## Task directions
From the first line to the last, give the records again exactly and skip the pictures.
═════ Data records ═════
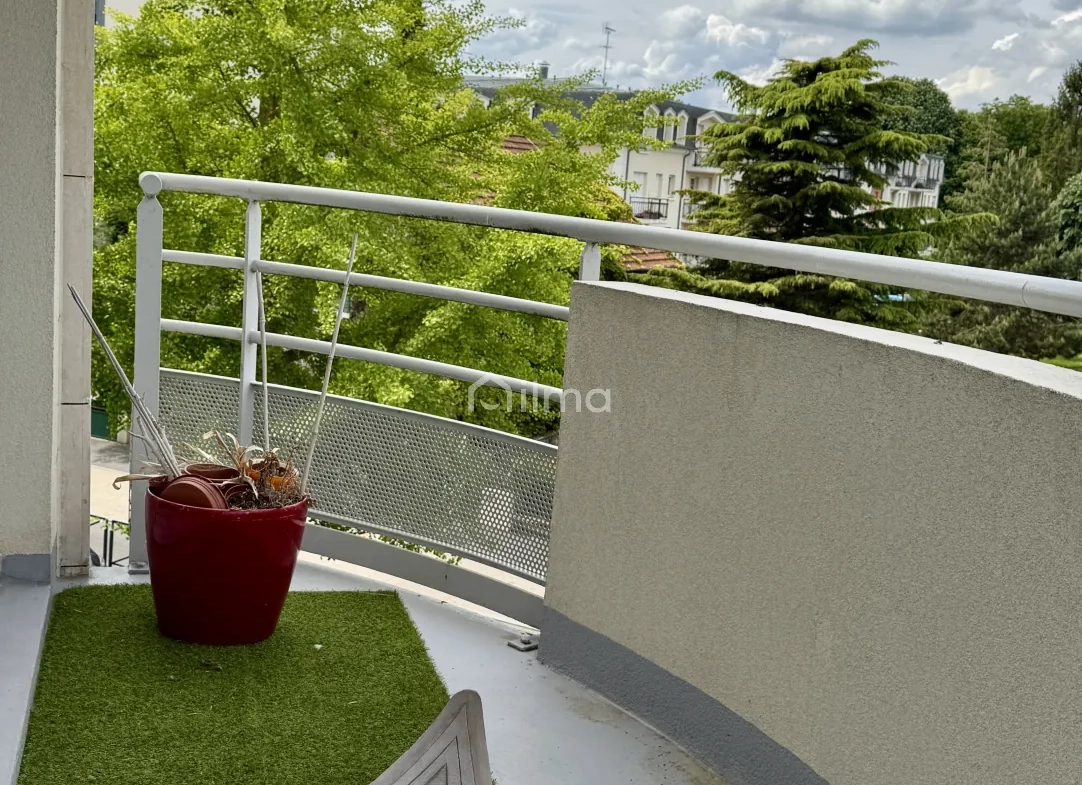 Appartement 4 pièces à vendre au cœur de Meaux avec parking et balcon 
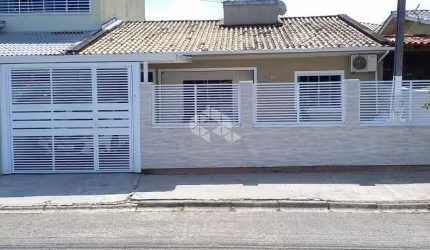 CASA A VENDA NO BAIRRO MADRI EM PALHOÇA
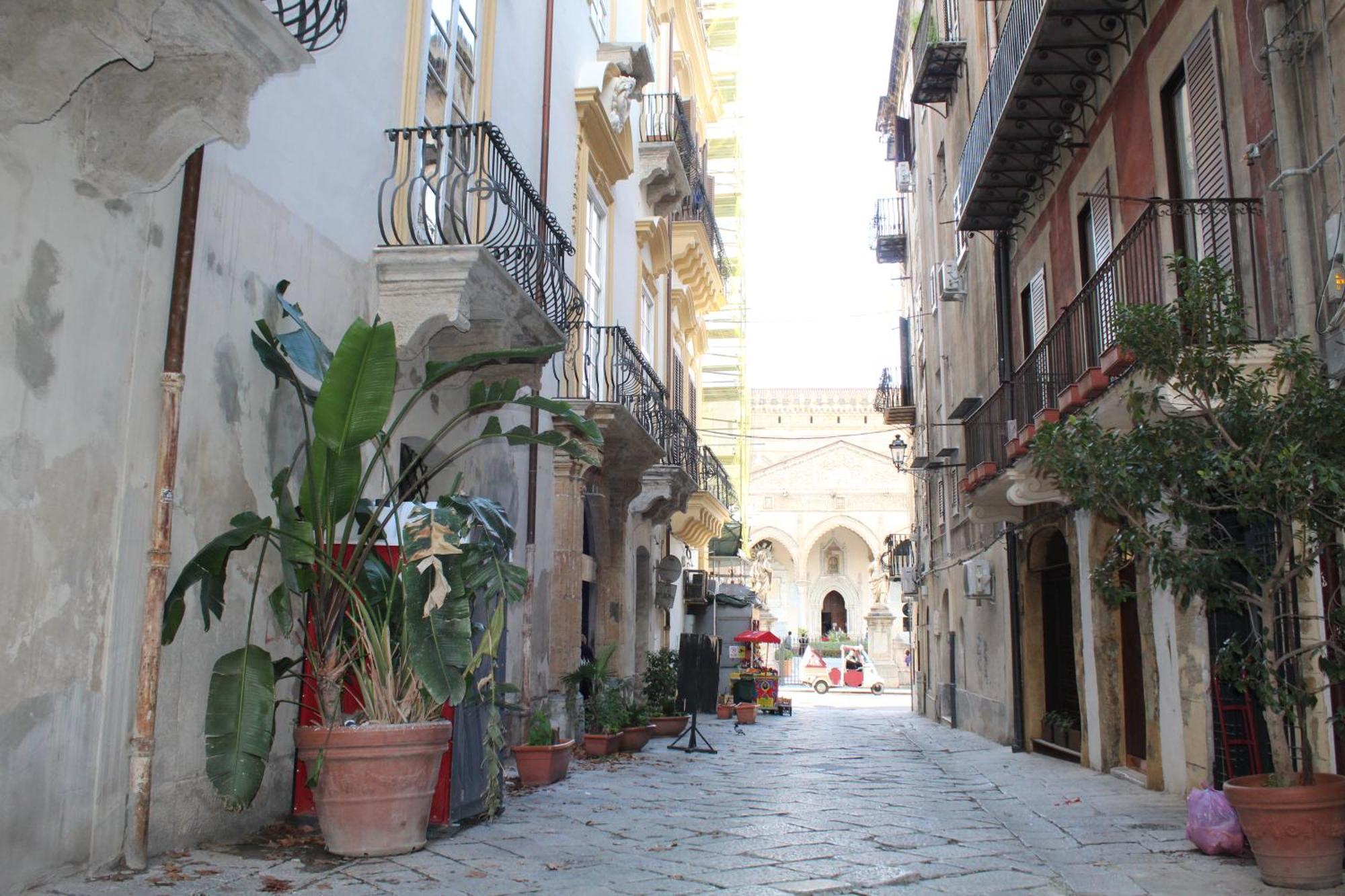 La Siciliana-Di Fronte La Cattedrale Villa Palermo Exterior foto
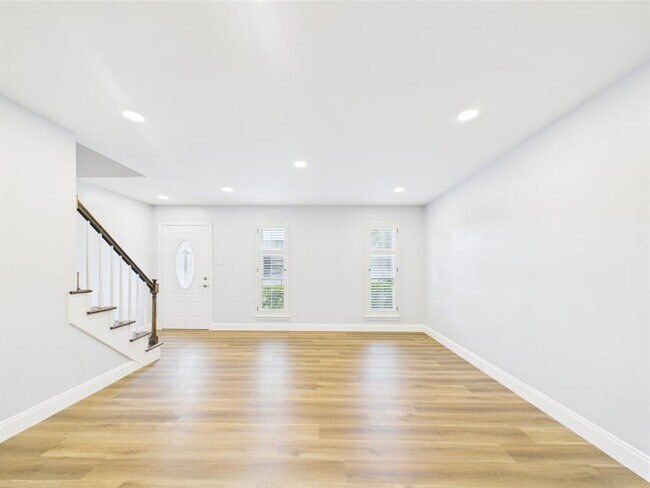 Building Photo - 10380 Briar Forest Dr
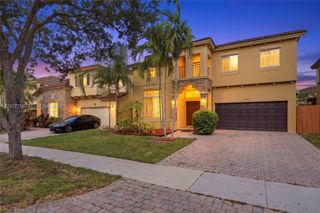 22505 SW 94th Place, Cutler Bay, FL 33190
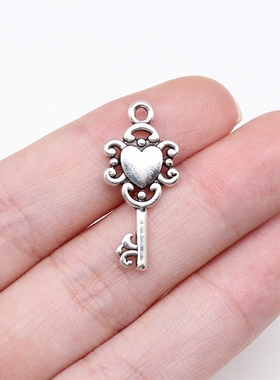 20个/包 26x12mm 古银色锌合金 爱心钥匙吊坠 ABD-C15804
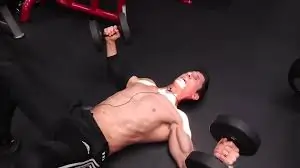 चेस्ट फ्लाई (Chest Fly - पीठ के बल लेटकर हाथ फैलाना और जोड़ना)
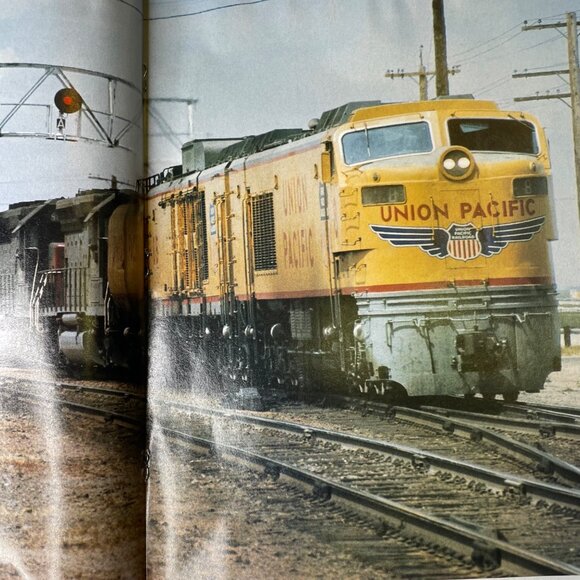 Trains Magazine September 2000 Vol 60 no 9 Railroad Enthusiast Book u California - Picture 9 of 10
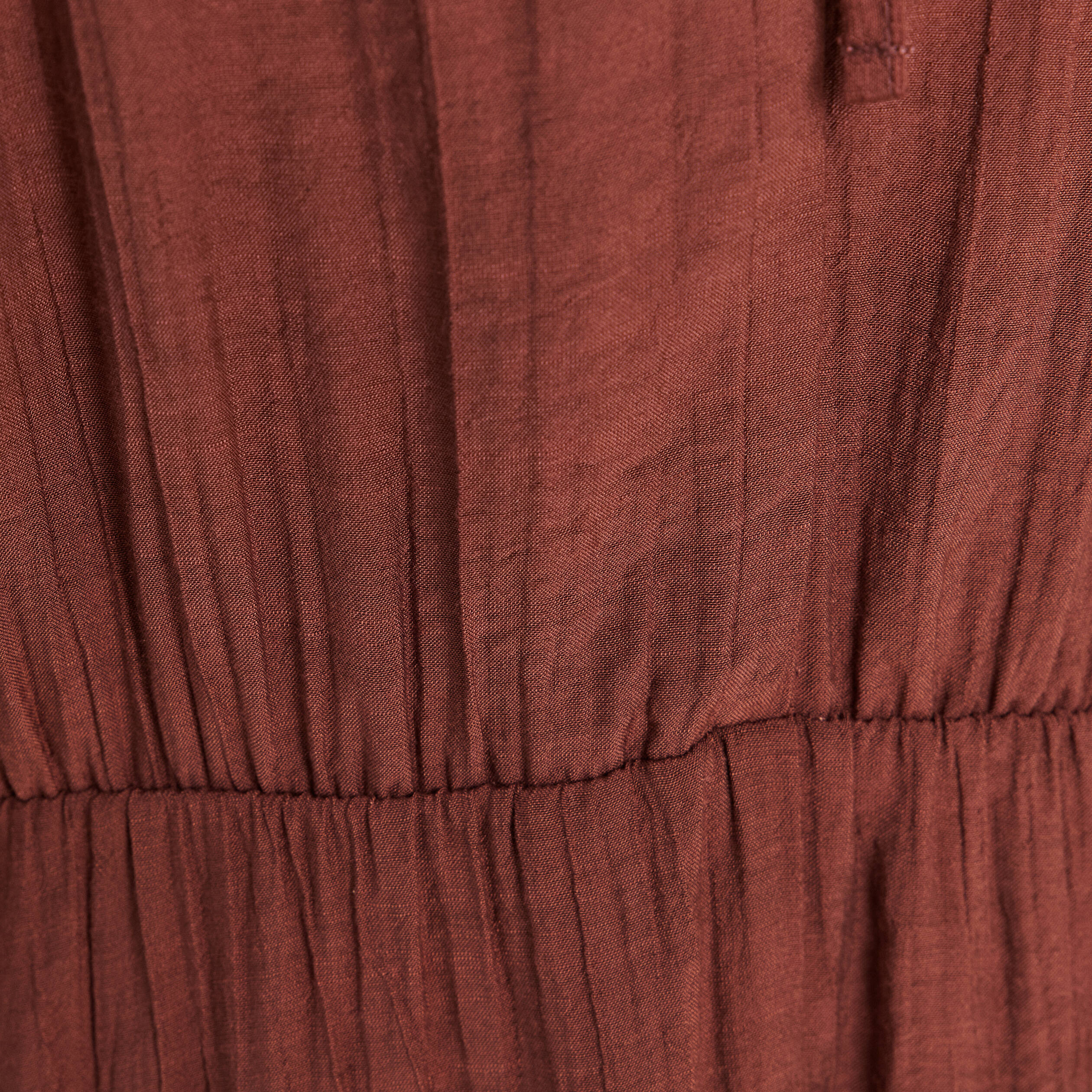 Robe longue &eacute;vas&eacute;e manches courtes marron femme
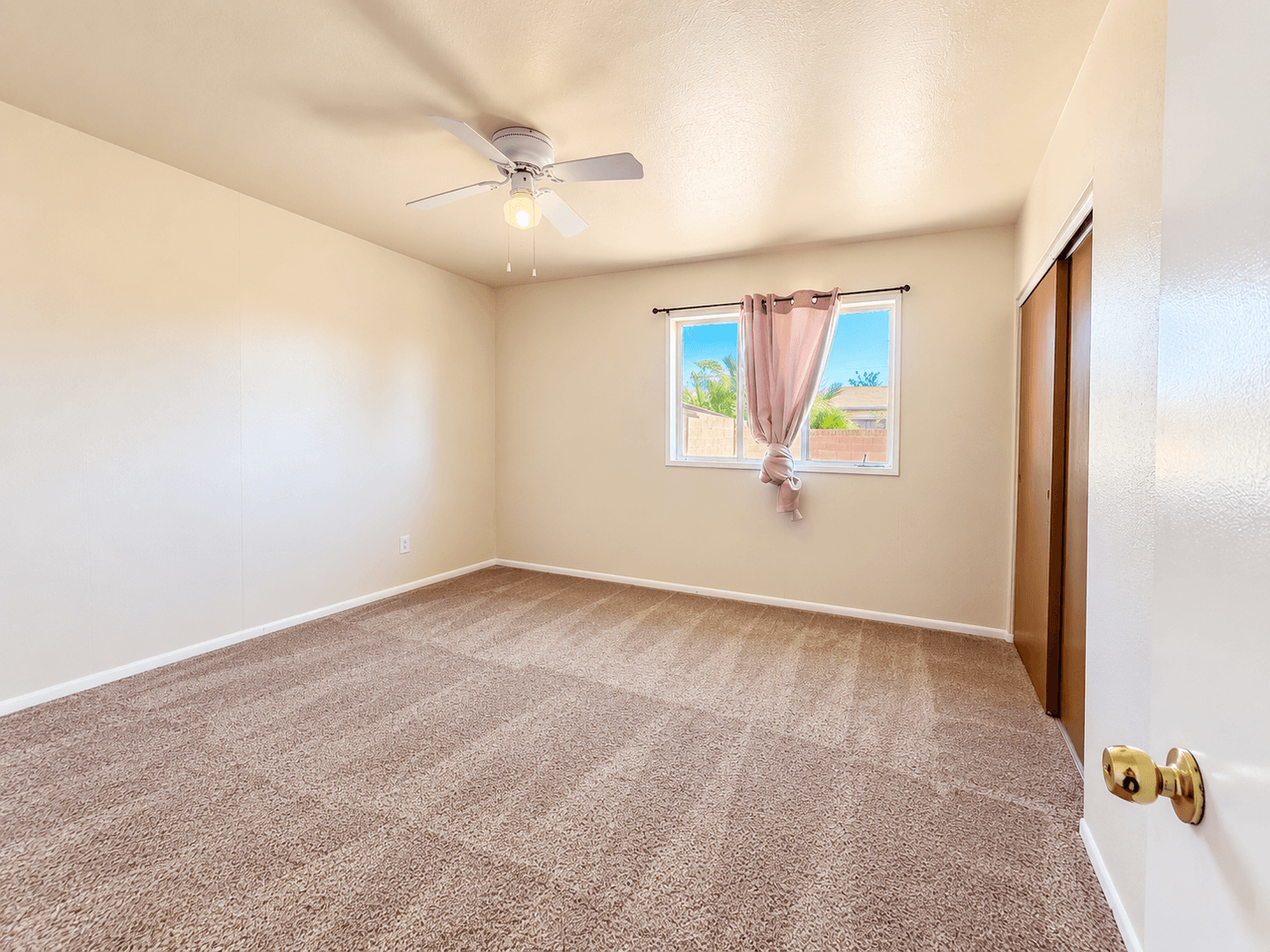 Glendale House: 5723 N 62nd Ave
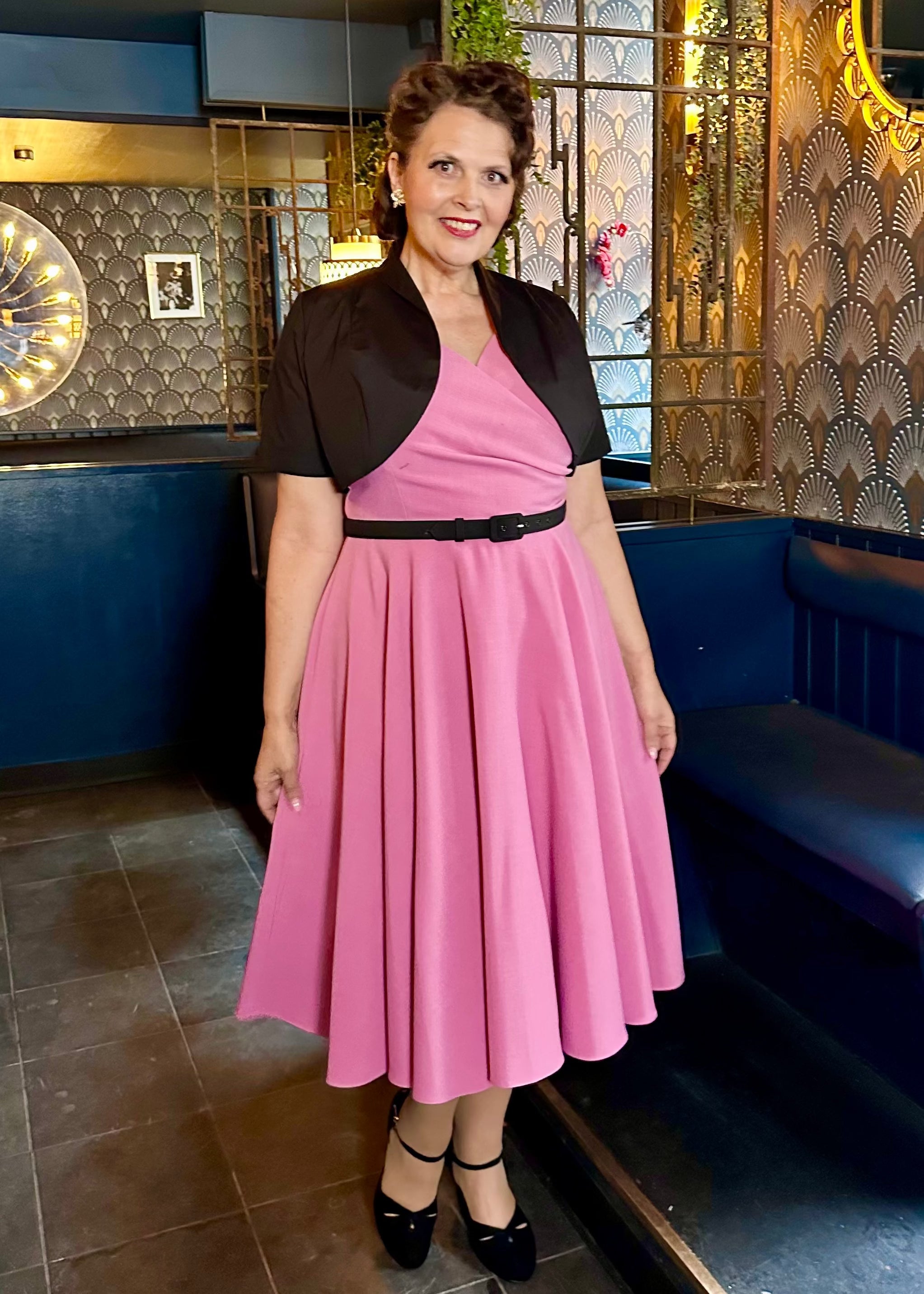 1950'er Hourglass swingkjole i rose pink swing kjole Pretty Dress Company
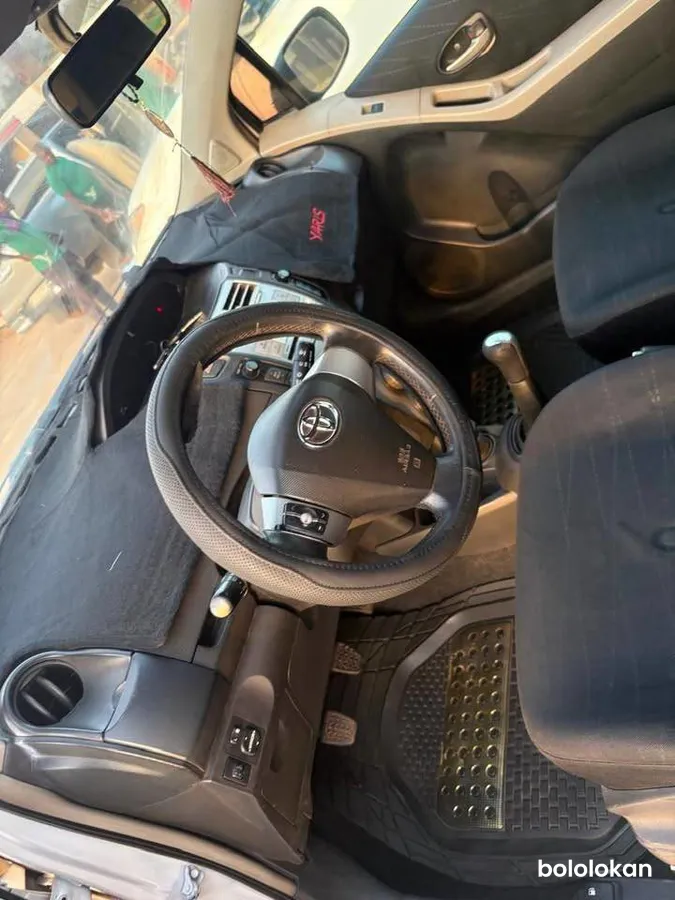 Toyota Yaris (image 4)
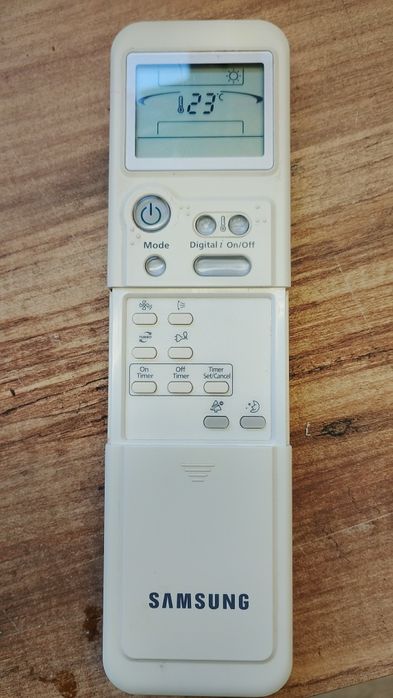 Дистанционно за климатик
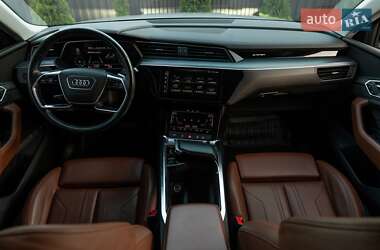 Позашляховик / Кросовер Audi e-tron Sportback 2020 в 
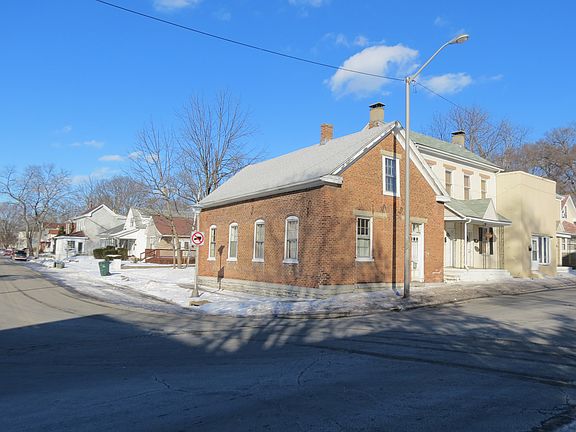2nd image of 602 S East St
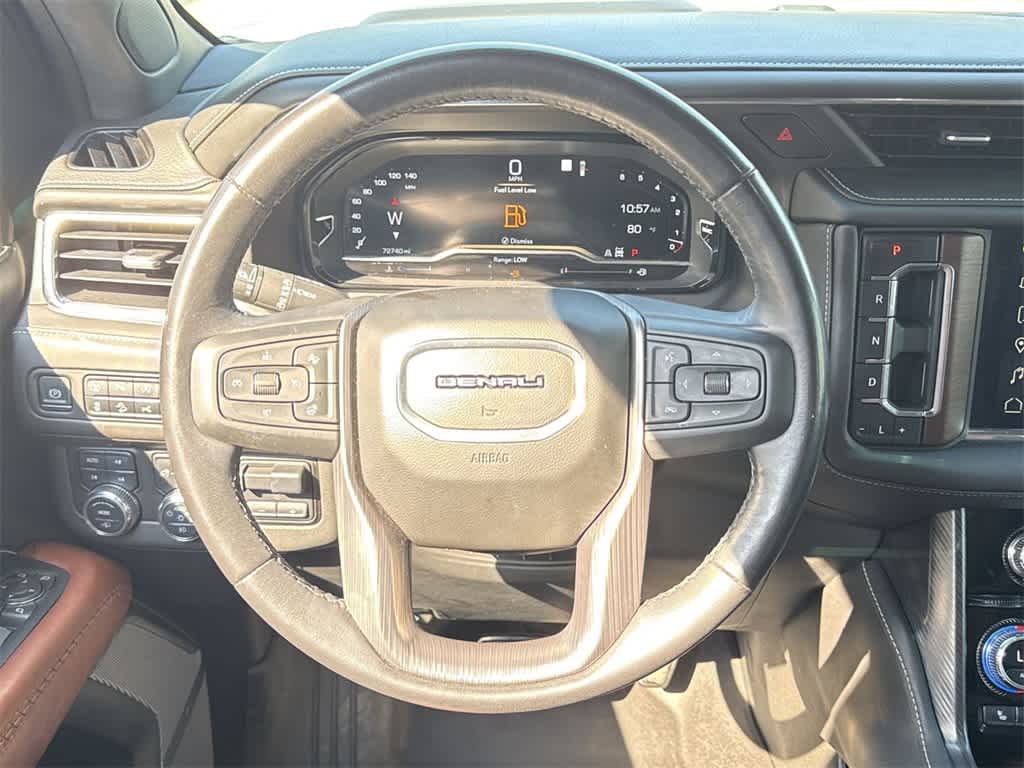 Thumbnail: 2023 GMC Yukon XL - 17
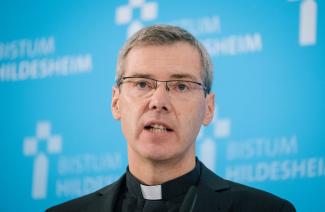 Heiner_Wilmer_bishop_of_Hildesheim_GettyImages.jpg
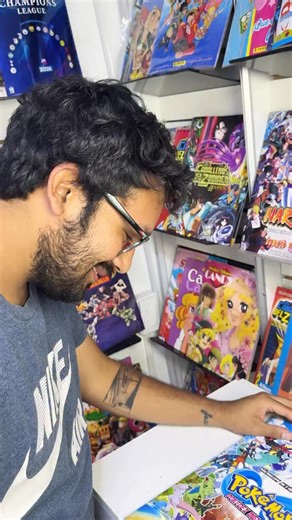 💥 Llegó la Pokédex Infinity 💥 El álbum que todo fan de Pokémon estaba esperando. La megacolección tiene un precio de S/ 120 en incluye: 😊 ⚡ Mega álbum de 108 páginas. ⚡ Mini álbum (suplemento) de 16 páginas. ⚡ 1128 figuras normales. ⚡ 44 figuras especiales. ⚡ Cajita Pokédex coleccionable. ⚡ Mega póster (hasta agotar stock). Todo listo para pegar, completar y vivir la experiencia Pokémon al máximo. 🔥 📦 Envíos desde Lima a todo el Perú por Olva Courier y Shalom. 🛵 Envíos express disponibles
═════
## Output for this exercise
 Appartement 4 pièces à vendre au cœur de Meaux avec parking et balcon 
 CASA A VENDA NO BAIRRO MADRI EM PALHOÇA
 La Siciliana-Di Fronte La Cattedrale Villa Palermo Exterior foto
 Building Photo - 10380 Briar Forest Dr
 22505 SW 94th Place, Cutler Bay, FL 33190
 20个/包 26x12mm 古银色锌合金 爱心钥匙吊坠 ABD-C15804
 चेस्ट फ्लाई (Chest Fly - पीठ के बल लेटकर हाथ फैलाना और जोड़ना)
 Trains Magazine September 2000 Vol 60 no 9 Railroad Enthusiast Book u California - Picture 9 of 10
 Robe longue &eacute;vas&eacute;e manches courtes marron femme
 Glendale House: 5723 N 62nd Ave
 1950'er Hourglass swingkjole i rose pink swing kjole Pretty Dress Company
 Toyota Yaris (image 4)
 Дистанционно за климатик
 Позашляховик / Кросовер Audi e-tron Sportback 2020 в 
2nd image of 602 S East St
 Thumbnail: 2023 GMC Yukon XL - 17
 Heiner_Wilmer_bishop_of_Hildesheim_GettyImages.jpg
 💥 Llegó la Pokédex Infinity 💥 El álbum que todo fan de Pokémon estaba esperando. La megacolección tiene un precio de S/ 120 en incluye: 😊 ⚡ Mega álbum de 108 páginas. ⚡ Mini álbum (suplemento) de 16 páginas. ⚡ 1128 figuras normales. ⚡ 44 figuras especiales. ⚡ Cajita Pokédex coleccionable. ⚡ Mega póster (hasta agotar stock). Todo listo para pegar, completar y vivir la experiencia Pokémon al máximo. 🔥 📦 Envíos desde Lima a todo el Perú por Olva Courier y Shalom. 🛵 Envíos express disponibles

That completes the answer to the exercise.